=== Task directions ===
Starting with the line that contains "(女生) - 雲林縣流浪動物收容所", copy each line exactly through the end of the listing, and omit all pictures.

[[ Records open ]]

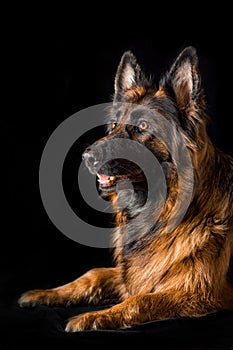 Studio portrait beautiful german shepherd dog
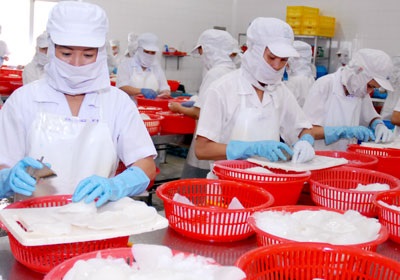 Bồ Đào Nha tăng nhập mực, bạch tuộc chế biến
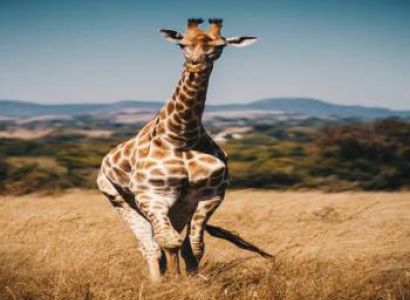 3 Days Untamed Wildlife Safari Experience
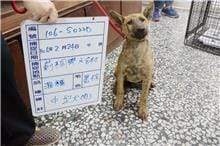 【待認養】混種犬 狗 (女生) - 雲林縣流浪動物收容所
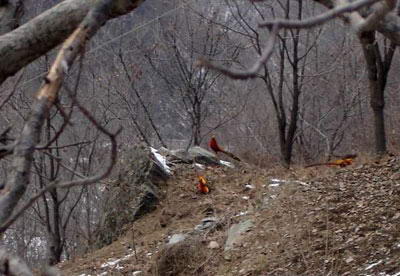 首阳山风景图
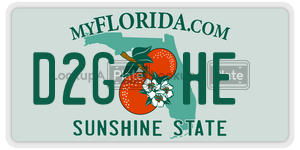 D2GHE  license plate in FL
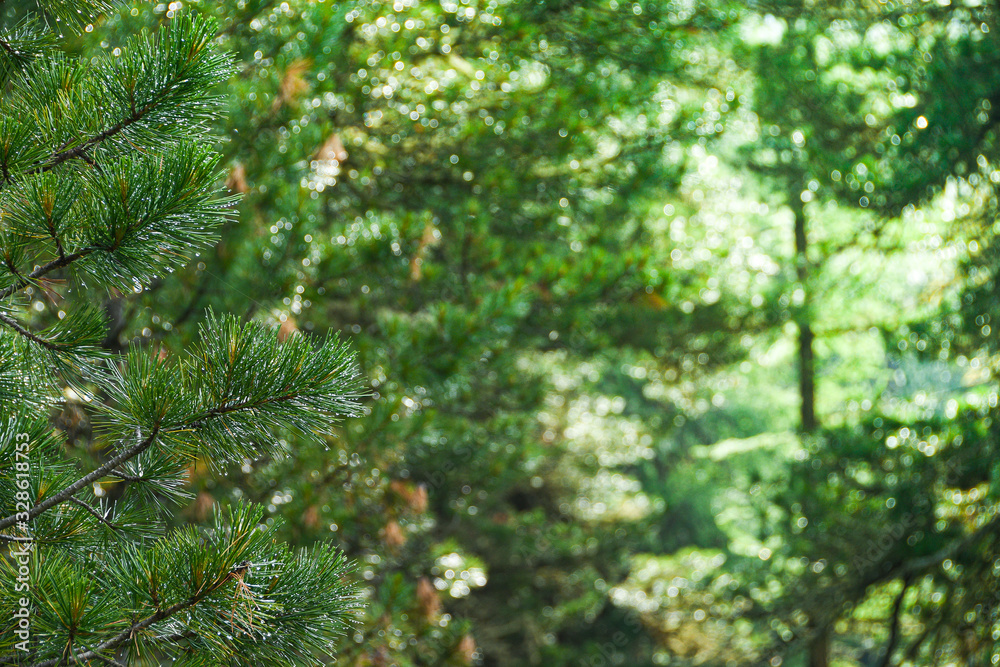 dense thickets of bushes, green leaves of plants and grass as background dense thickets of bushes, green leaves of plants and grass as background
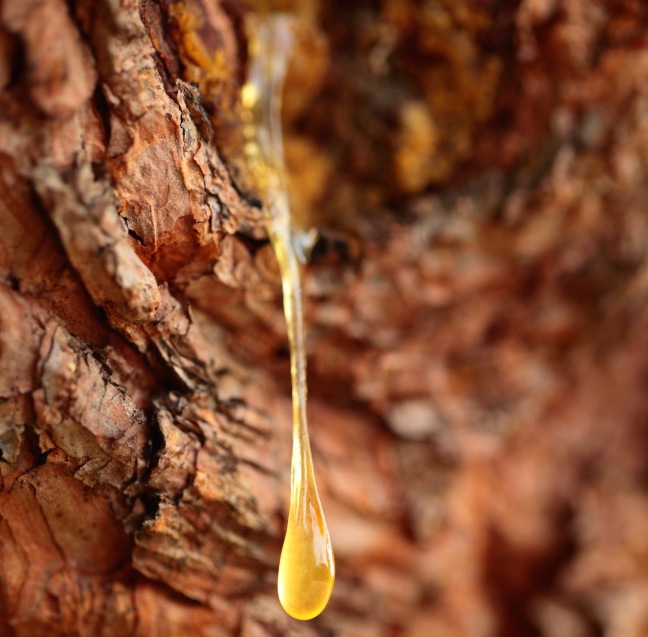 Close up of a drop of pine resin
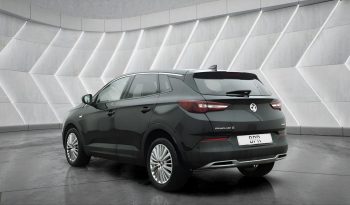 
										VAUXHALL GRANDLAND full									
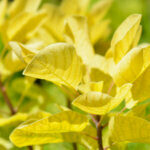 Cotinus coggygria Golden Spirit - Arbre à Perruques - feuillage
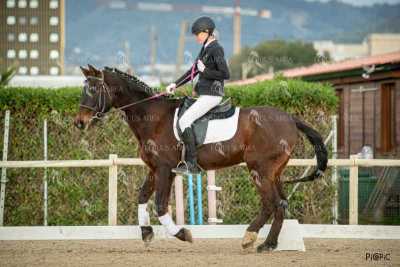 DOMA02032025S-469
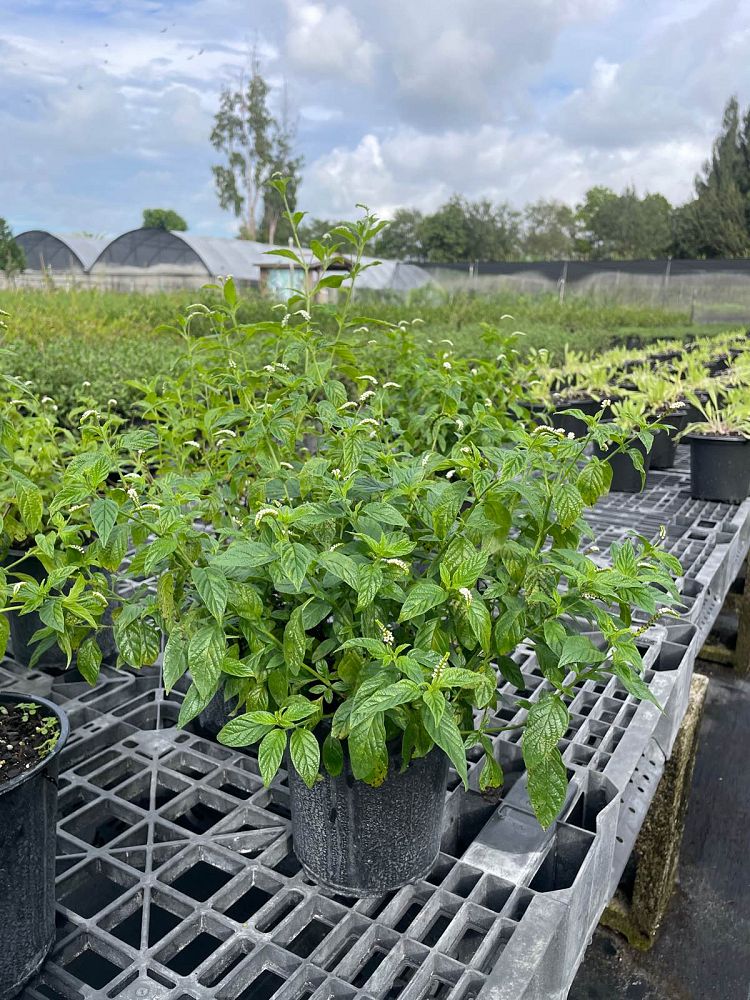 heliotropium-angiospermum-butterfly-heliotrope-scorpion-tail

[[ Records closed ]]

=== Written solution ===
 【待認養】混種犬 狗 (女生) - 雲林縣流浪動物收容所
 首阳山风景图
 D2GHE  license plate in FL
 dense thickets of bushes, green leaves of plants and grass as background dense thickets of bushes, green leaves of plants and grass as background
 Close up of a drop of pine resin
										VAUXHALL GRANDLAND full									
 Cotinus coggygria Golden Spirit - Arbre à Perruques - feuillage
 DOMA02032025S-469
 heliotropium-angiospermum-butterfly-heliotrope-scorpion-tail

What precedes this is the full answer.